Pour affronter ou supporter tout cet héritage, c’est-à-dire toute cette moralité des moeurs dans ses normes traditionalistes qui nie l’individu, il a opté pour la démocratie.  Un régime sensé lui octroyer certaines libertés.  Il fait quelques virées nocturnes, avant de se rendre compte qu’il est incapable, car manquant de moyens et de culture, de tenir tête à ce monstre impersonnel et invisible qui est la morale kabylo-islamique.  

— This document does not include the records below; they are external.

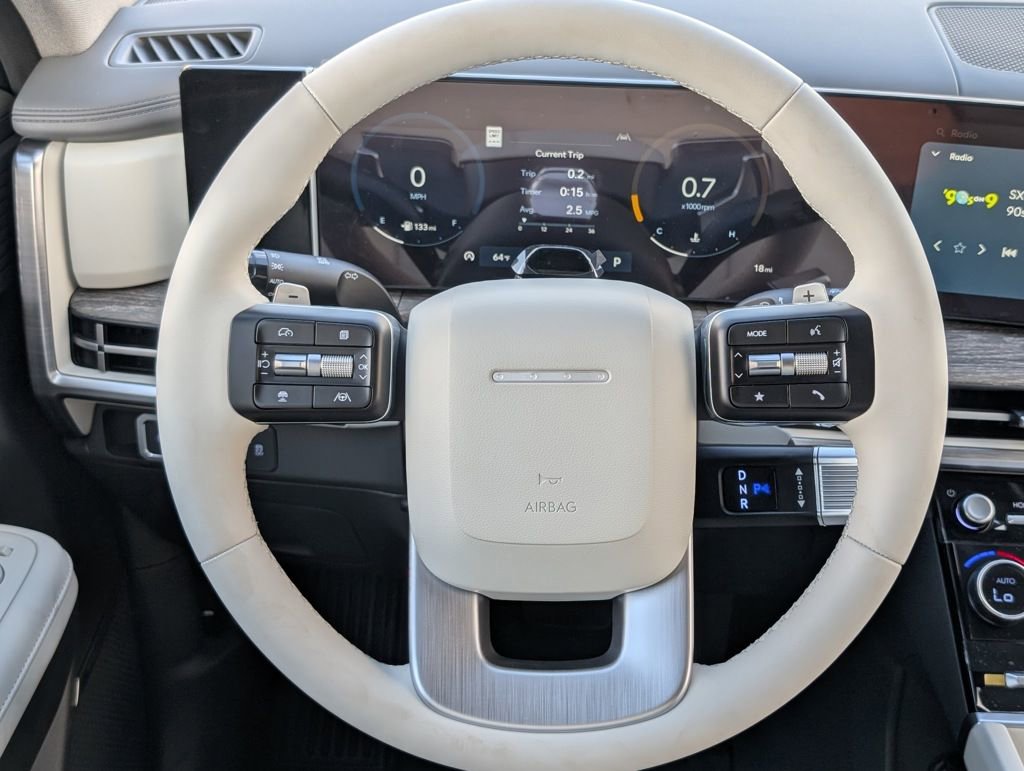 New 2025 Hyundai Santa Fe Limited image 28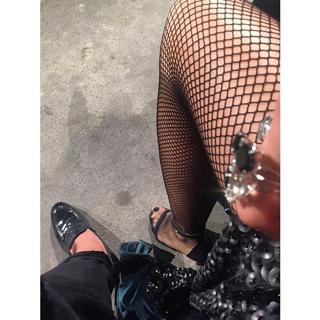 Malgorzata Socha feet photo thumbnail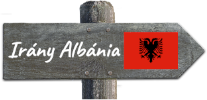Irány Albánia!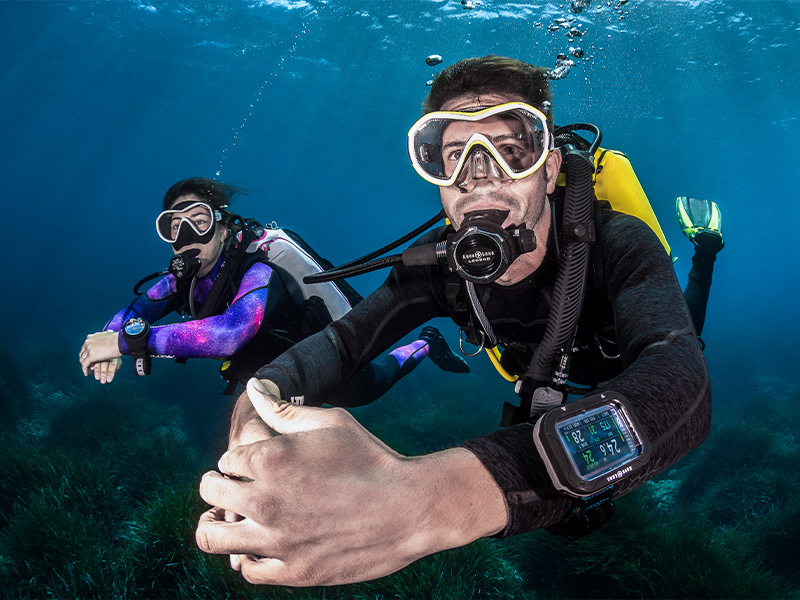 Tauchsport-Produkte im Atlantis Onlineshop
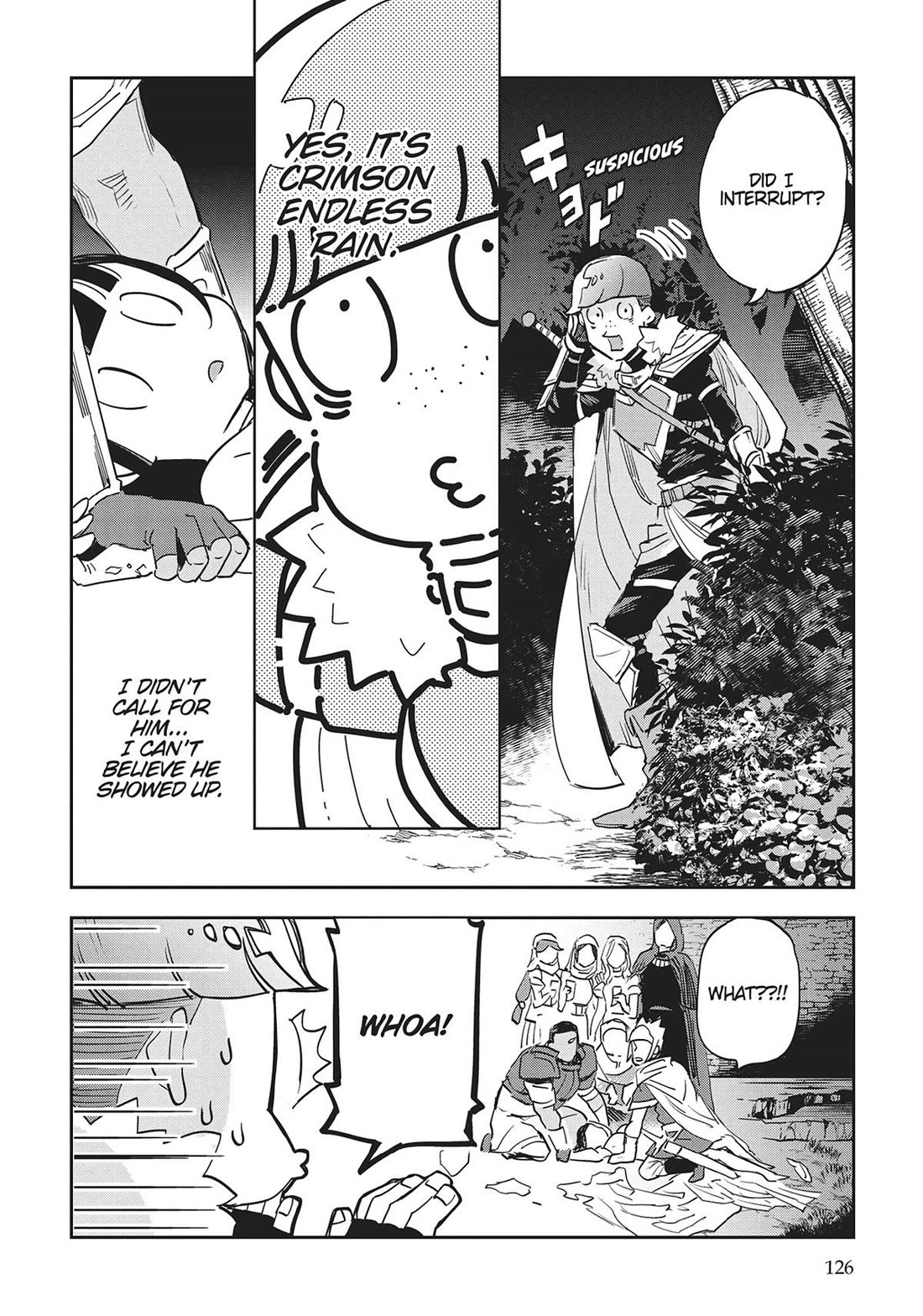 JK Haru is a Sex Worker in Another World chapter 41 page 15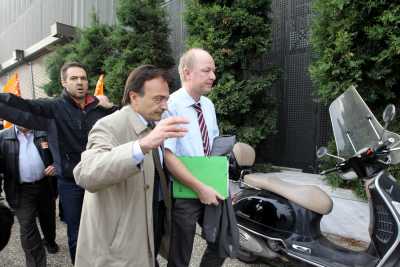 Αθώοι οι κατηγορούμενοι για την επίθεση κατά του τέως πρόξενου της Γερμανίας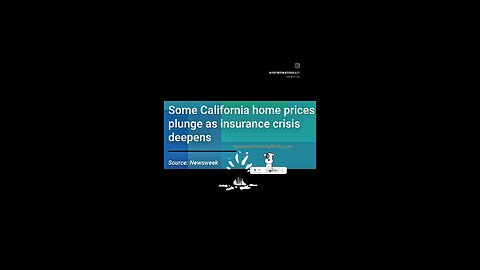 California Property Prices Plunge 🏢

Il reste peut-être un moyen de libération, tout n’est pas perdu pour les Kabyles méfiants, cette petite minorité au regard aigu et fin, c’est de créer dans nos villes et villages,  ainsi qu’en exil,  des clubs, des ateliers et des cercles philosophiques. Des cercles où l’on apprend d’abord la mystification des vérités absolues sacralisées par les ancêtres, les saints, les poètes, les scientifiques, les politiques et les chefs de guerre… Des centres d’exorcisme afin de sortir de chaque corps le Nous qui l’habite.

Des ateliers de théâtre, chers à Mohend U Yehya,  pour développer la catharsis. Guérir de ses vérités anciennes, de ses passions tristes, libérer nos pulsions de vie, convertir nos haines et nos peurs, enterrer nos ancêtres dont le poids nous brise les reins.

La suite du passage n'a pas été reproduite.